Finissons par un souvenir personnel afin d’enfoncer le clou d’un pareil paradoxe. Lors d’une avant-première de Vortex au Festival Lumière en octobre 2021, Gaspar Noé avait prévenu ses spectateurs en lâchant tout sourire que son film « donnait la patate et l’envie de vivre ». Croire à une boutade provocatrice n’avait semble-t-il rien d’une vue de l’esprit vu l’état pesant dans lequel le film nous avait finalement laissé, mais on est forcé de reconnaître a posteriori qu’il disait vrai. Fort d’une croyance incontestable dans un 7ème Art capable de garder prégnante et authentique la trace de tout ce qui est amené à disparaître, son film a valeur de signal d’alerte : si la vie est une fête trop courte, autant en profiter le plus possible avant qu’elle ne prenne fin et qu’elle ne bascule pour de bon dans l’oubli. On en revient fatalement à la magnifique chanson de Françoise Hardy, dont on nous offre ici de savourer le clip dans son intégralité en guise d’amuse-gueule.
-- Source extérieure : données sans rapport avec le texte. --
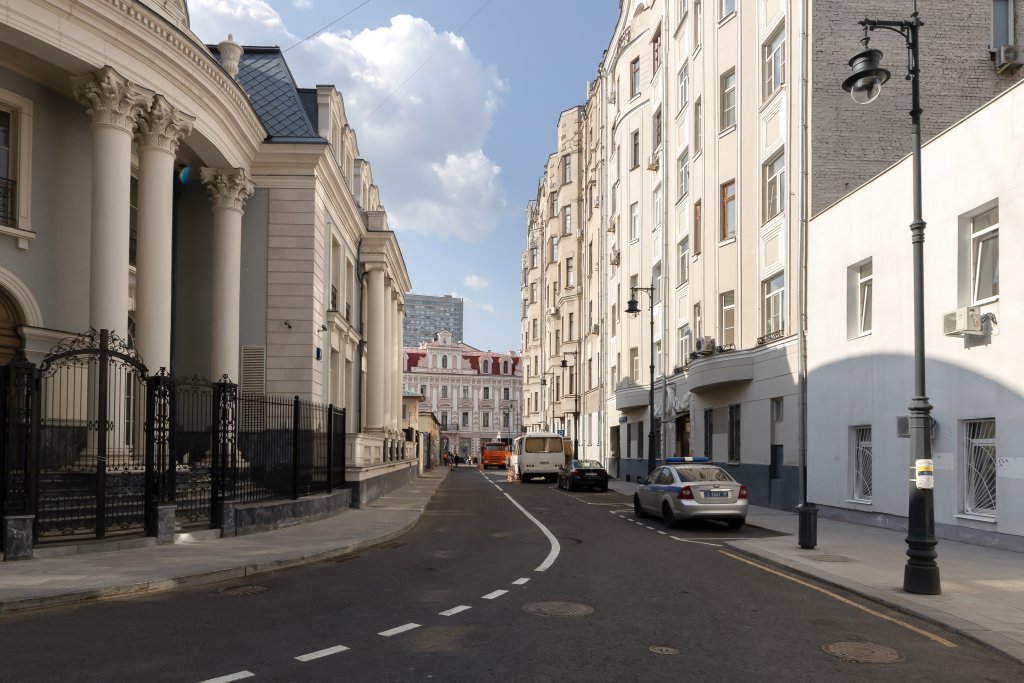 Москва: Квартира Кривоарбатский пер д 3 1.1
La double idée qui a cimenté l’origine de cette chanson, on ne la connait que trop bien : celle de la jeunesse qui passe aussi vite que le temps d’une fleur (c’est la lecture selon Pierre de Ronsard) et celle de la rose qui exprime l’éternité autant par sa fragilité que par sa couleur assimilée à une respiration (ce sont les mots de Paul Claudel). Prendre le temps d’observer la rose, c’est comme s’imprégner d’un instant d’éternité qui ne disparaîtra pas et que l’art au sens large, qu’il soit chanté, filmé ou représenté, permet de conserver intact et de préserver du néant. En définitive, la plus belle qualité de Vortex tient moins dans ce qui est filmé (avec pudeur et dignité) que dans ce qui est encouragé (avec candeur et subtilité) : mettre son spectateur à l’épreuve vis-à-vis de ses propres croyances pour qu’il en extrait par réflexe un déchirant désir de vie. Effort douloureux mais résolutif, sur lequel le dernier couplet de la chanson mettait déjà cartes sur table : « Crois, celui qui peut croire – Moi j’ai besoin d’espoir – Sinon je ne suis rien ».
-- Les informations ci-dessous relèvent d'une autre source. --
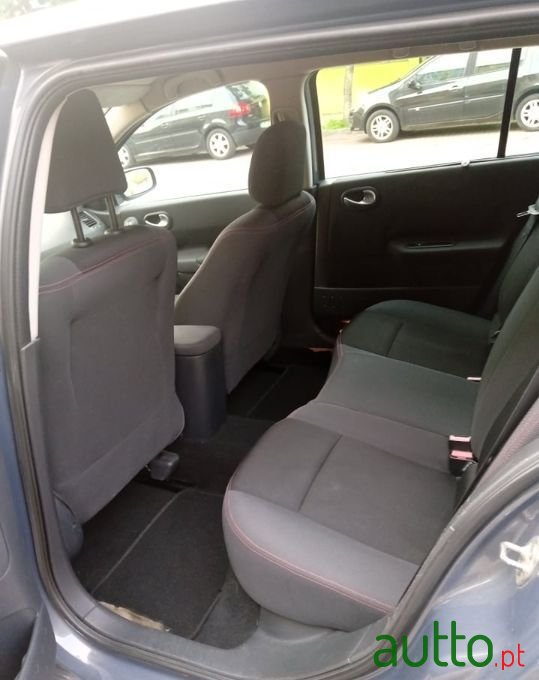 2007' Renault Megane Break photo #5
Photos : © 2021 RECTANGLE PRODUCTIONS – WILD BUNCH INTERNATIONAL. Tous droits réservés

1 Comment

  • kathnel44 (catherine) Says

    Ton article m’a beaucoup émue. Comme toujours excellent. J’ai beaucoup aimé ce film. Noé divise l’espace et compresse le temps dans un labyrinthe mémoriel déchirant. Comment filmer la solitude, le délitement mental, l’entrée dans la démence, l’incommunicabilité et la mort quand surgit vieillesse ? Le dispositif cinématographique choisi par Noé est aussi épuré que bouleversant. L’espace mental qui se divise, le couple comme emmuré dans un espace qui semble se rétrécir, dans un fouillis indescriptible qui métaphorise la psyché en déliquescence, un espace mental qui se scinde en deux solitudes, en attente d’une mort annoncée, si douloureuse. Une vie fragile où tout devient danger : le gaz qu’on laisse ouvert, les médicaments que l’on mélange, les mots qui disparaissent, les repères qui se perdent. Les deux acteurs sont impressionnants, profondément touchants chacun dans leur souffrance. Tous deux à la recherche d’un temps perdu qui ne se retrouvera pas. Noé nous étonne donc dans une œuvre sans doute personnelle où il décrit avec réalisme la fin de vie d’un couple âgé.